I have written before on the alarming future of honeybees in South Africa. Faced in the Midlands with twin-threats of invasion of our hives by Capensis and theft, many keepers have lost heart. There are few new folk entering the industry, despite the enormous potential rewards.
Those are both financial to the beekeeper and to the farmer looking for pollination of his crops; and for the fiscus trying to stop the haemorrhage of desperately needed Rands being spent on importing second-grade and oft adulterated honey.
One of the abiding memories of this year’s Witness Garden Show is the number of people who wanted to know if the honey on sale and for display had been mixed with sugar and other contaminants. Two local-bottlers have brought the whole industry in the Midlands into serious disrepute.
In part the problem is pure greed and the dishonesty that now characterises our land; but the other side of the coin is that we beekeepers are simply unable to supply South Africans’ desire for honey.
As beekeeping declines in South Africa, it will mean that more jobs will be lost in agriculture, as farmers get smaller harvests from under-pollination; and the price of food will continue to rise alarmingly as demand increases. Are you part of the solution to this conundrum?
How to start beekeeping is an evergreen favourite page at this site.
Planting a spekboom tree in your garden would help both the planet by reducing carbon-dioxide levels and the bees because of its wonderful flowers.
Mike Allsopp, senior bee-researcher points out that 75 percent of the honey sold in SA is now imported and is of an inferior quality; it amounts to about 3500 tonnes per annum, making a not insignificant R100 million dent in our balance of payments.
These figures give us a measure of the decline of beekeeping in SA; and the loss of potential to agriculture. To produce that amount of honey, we would need about an extra 200,000 colonies, he says.
Who will save the bees because their pollination is responsible for one in four mouthfuls of the food we eat. Hives placed in a sunflower field increase the yield by a third; that's massive.
Another reason for the decline in beekeeping is that honey has come into some disrepute in an increasingly obese world. Understanding simple vs complex carbohydrates explains this dilemma in part.
However one of the mysteries of natural-honey that has not been processed and heated by commercial bottlers is that it has a low glycemic index; it hardly affects blood sugar.
Interestingly natural honeycomb is one of the very few recognised treatments for fatty-liver disease.

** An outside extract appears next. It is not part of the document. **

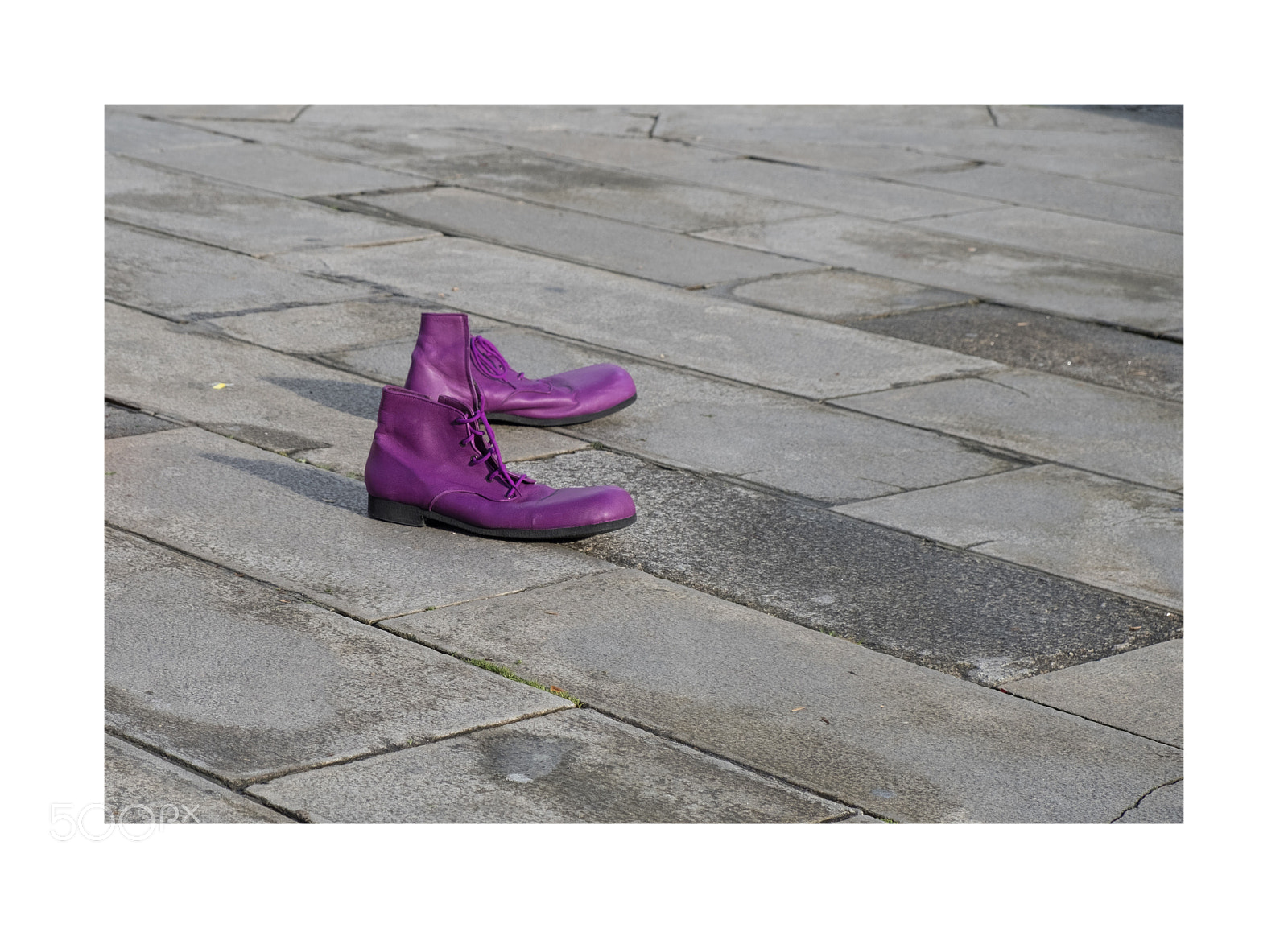 Fujifilm X-T2 sample photo. Purple shoes photography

The only other solution is total avoidance of all refined carbs; that we should be doing anyway.
Hives can be bought from McGladdery's in Pietermaritzburg.
Delayed mowing of lawns and cutting back of indigenous weeds is another option. Could you allow the clover in your grass to flower before sacrificing it? Those who are passionate about saving the bees would be more than willing.
Planting more indigenous trees that produce a mountain of honey is another option.
Would you help by trying to plant indigenous trees for bees?
Bees absolutely love the flowers of many herbs and spices. Take Sweet Basil for example; not to be seen these plants are humming. Tiny amounts of important phytonutrients are being carried back to the hive for our own benefit too.
I have long wanted to make my own Dijon mustard; small bottles from the grocery store are getting so expensive and I'm shocked when I read the list of ingredients. The first step was to buy some seed which was dirt-cheap incidentally and grind it into a paste; really simple, with white wine and vinegar.
The next will be in spring when I plant some of the mustard seed and see what I can harvest.
This amount of Dijon mustard cost about five Rand to make; a quarter of one US dollar. Who will save the bees? We will.
The chief ingredient is two cups of elbow grease!